## Provided data
----------------------------------------

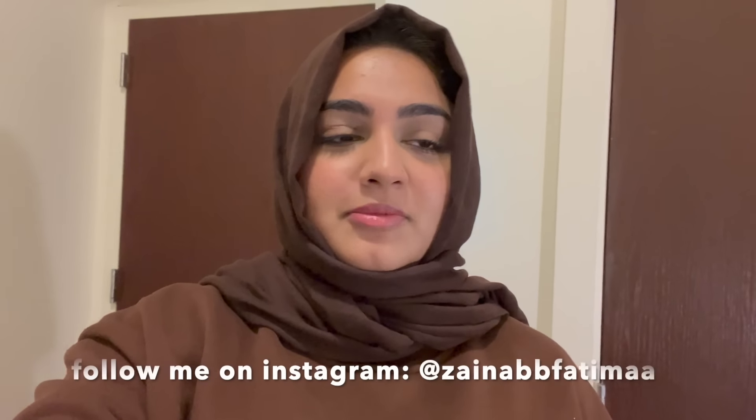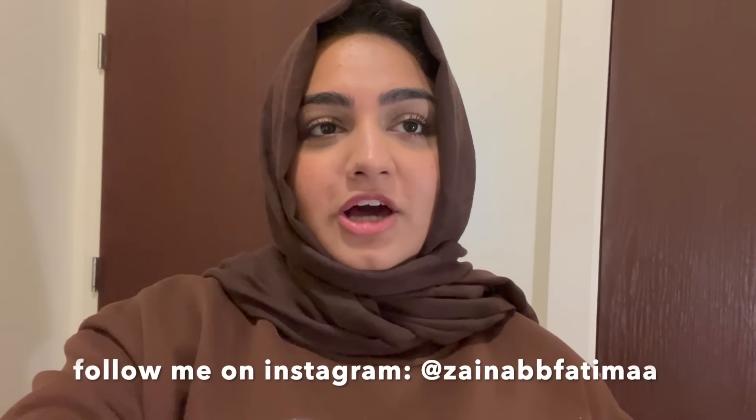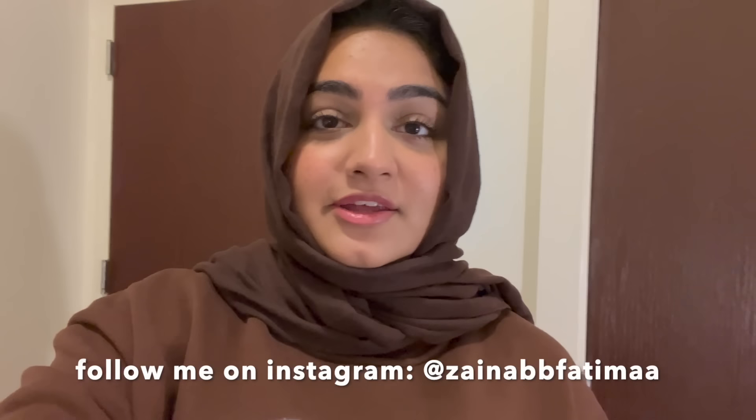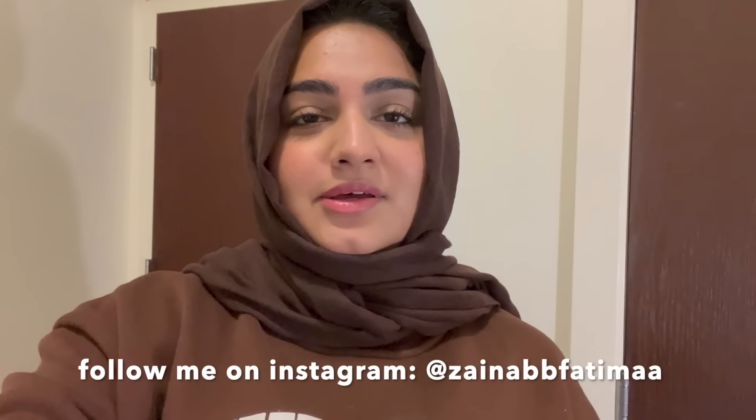So this was my room tour. I hope you guys liked it. I really love it — it has started to feel like home and I am pretty happy with it. I imagined how I wanted to decorate it and how I wanted it to look, and it looks exactly like that, so I am happy. Let me know in the comments and I will see you guys in my next video — bye!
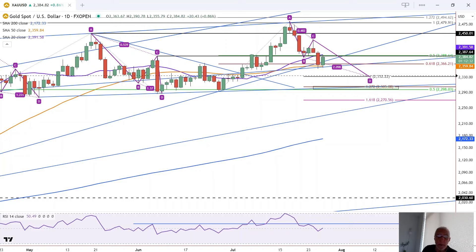Following yesterday's client to test support around the 50 moving average, gold trades inside day between the 20 and 50 moving average.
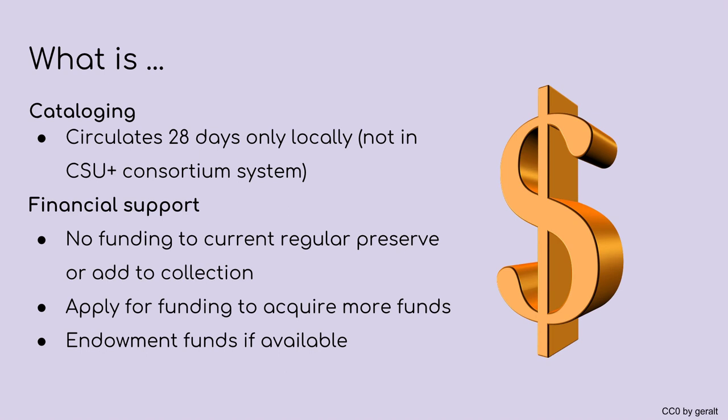When it came time to making decisions about circulation, I was again thinking about preservation because at the moment we don't have funding to replace the issues. After much discussion with colleagues, I decided to circulate the collection for 28 days and leave them out of our consortium CSU Plus. The consortium is a sharing system between all 23 CSU campuses. Hopefully in the future we can secure funding to make this available to the CSU Plus consortium and in order to grow the collection, I plan to apply for grants and, if available, use endowed funds.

----------------------------------------

## What you will do
The copy must start at the line containing "Following yesterday's client" and stop at the last line of the listing, both included, with every line exact and no pictures.

## Solution to this exercise
Following yesterday's client to test support around the 50 moving average, gold trades inside day between the 20 and 50 moving average.
When it came time to making decisions about circulation, I was again thinking about preservation because at the moment we don't have funding to replace the issues. After much discussion with colleagues, I decided to circulate the collection for 28 days and leave them out of our consortium CSU Plus. The consortium is a sharing system between all 23 CSU campuses. Hopefully in the future we can secure funding to make this available to the CSU Plus consortium and in order to grow the collection, I plan to apply for grants and, if available, use endowed funds.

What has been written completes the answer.